At the same time, I think it's worth thinking about how technological advances might underpin the next rally.

DeFi interoperability gains momentum

There are two main ways DeFi can scale in the short term: Ethereum second-layer solutions and bridging to other blockchains.

Competition on all fronts is fierce. Among the second-layer solutions, the main contenders are Optimistic Rollups and Zk-Rollups. The former allows developers to port Ethereum smart contracts almost one-to-one, but has many user experience issues. The latter seems easier to use, but requires the contract to be rewritten into a new language. Both types are still in beta and we expect to launch in 2021.

While we wait, there are many other blockchains eager to offer their throughput as an alternative to Ethereum. Polkadot is very clearly positioning itself to accept Ethereum's liquidity, but there is also Binance Smart Chain, NEAR, Serum/Solana, NEO, Cosmos, etc.

The latest contender is RSK, which announced its Dai integration this week. It becomes fairly easy to transfer liquidity there in a relatively stable form and then use it within the RSK DeFi ecosystem.

But the problem now is that all the bridges are not functioning or centralized.

Additionally, the liquidity bridging approach may require a sizable DeFi ecosystem on another chain to be effective. Finding other use cases is critical, and if another blockchain can fill the need before Ethereum, it might win the race.

Right now, it's hard to predict who will win. Ethereum still has no reason to worry about its dominance.

Miners use their power to extract value from DeFi

An important, but possibly overlooked piece of news this week was the discovery of miners leveraging their capabilities to extract value from the DeFi ecosystem.

This confirms the theoretical concept of miner-extractable value (MEV) highlighted by some researchers in 2019. This problem stems from the fact that the order of transactions within a block is very important to DeFi, and miners are free to choose which transactions to include and in which order.

In this particular example, it appears that some small mining pools included transactions with 0 fees to take advantage of arbitrage opportunities.
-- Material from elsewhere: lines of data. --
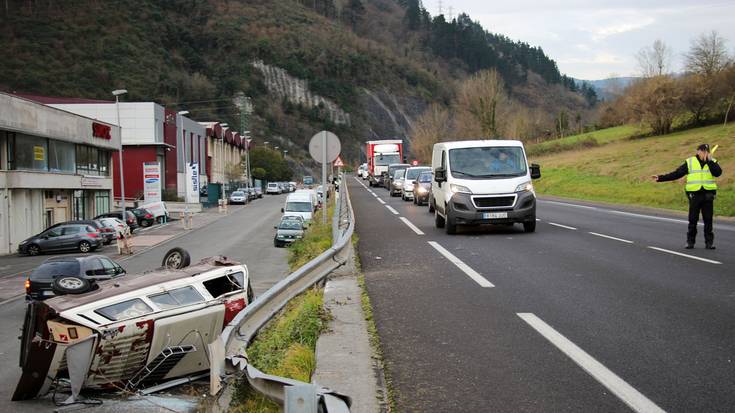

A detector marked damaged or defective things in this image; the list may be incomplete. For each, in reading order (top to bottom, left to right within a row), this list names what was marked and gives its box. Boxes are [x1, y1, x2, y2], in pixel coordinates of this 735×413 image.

detached wheel [52, 276, 92, 294]
shattered window [95, 298, 153, 320]
broken vehicle panel [11, 254, 252, 400]
crashed vehicle body [12, 254, 254, 400]
detached wheel [162, 246, 190, 268]
bent guardrail [208, 172, 356, 410] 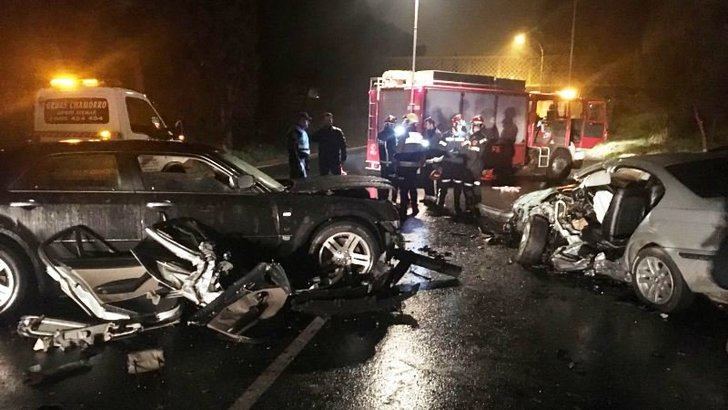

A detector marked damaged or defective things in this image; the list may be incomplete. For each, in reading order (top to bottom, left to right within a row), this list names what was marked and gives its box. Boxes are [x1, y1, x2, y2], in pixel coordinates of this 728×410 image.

severely damaged car [0, 142, 398, 320]
severely damaged car [18, 216, 456, 350]
crumpled hood [288, 175, 392, 194]
crashed silver car [480, 151, 724, 314]
severely damaged car [484, 151, 728, 310] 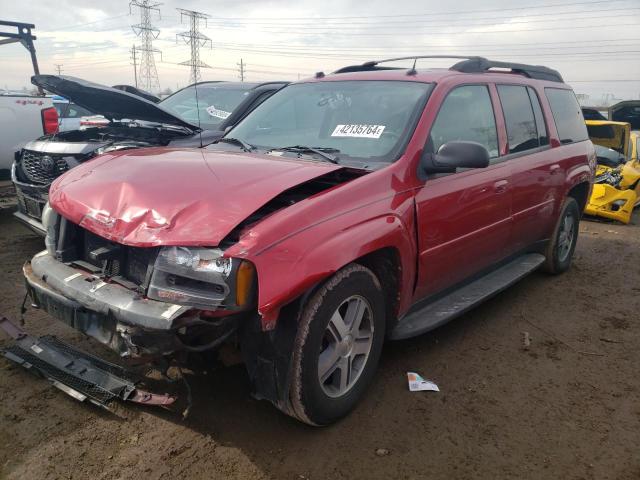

The fee is set to 2 Wei, so obviously the deal would never be done under normal circumstances.

The discovery could signal the beginning of the DeFi opening season for miners. But it’s not all bad, miners make good arbitrage traders and debt auction maintainers, so they can actually make the market more efficient. Of course, doing so would crowd out regular users.

The biggest threat is potential competition for high-value MEV among miners, which could lead to chain forks and reorganizations. I find this unlikely to happen, but MEV is definitely a serious problem in terms of overall fairness.

The main solution currently being researched is to "institutionalize" MEVs by holding auctions. Maybe a little more work to find a way to neutralize it, but enough time as the problem won't go away. Miner is a general term, anyone who controls blocks and transactions has the same ability. This includes stakers and certain types of second-tier operators.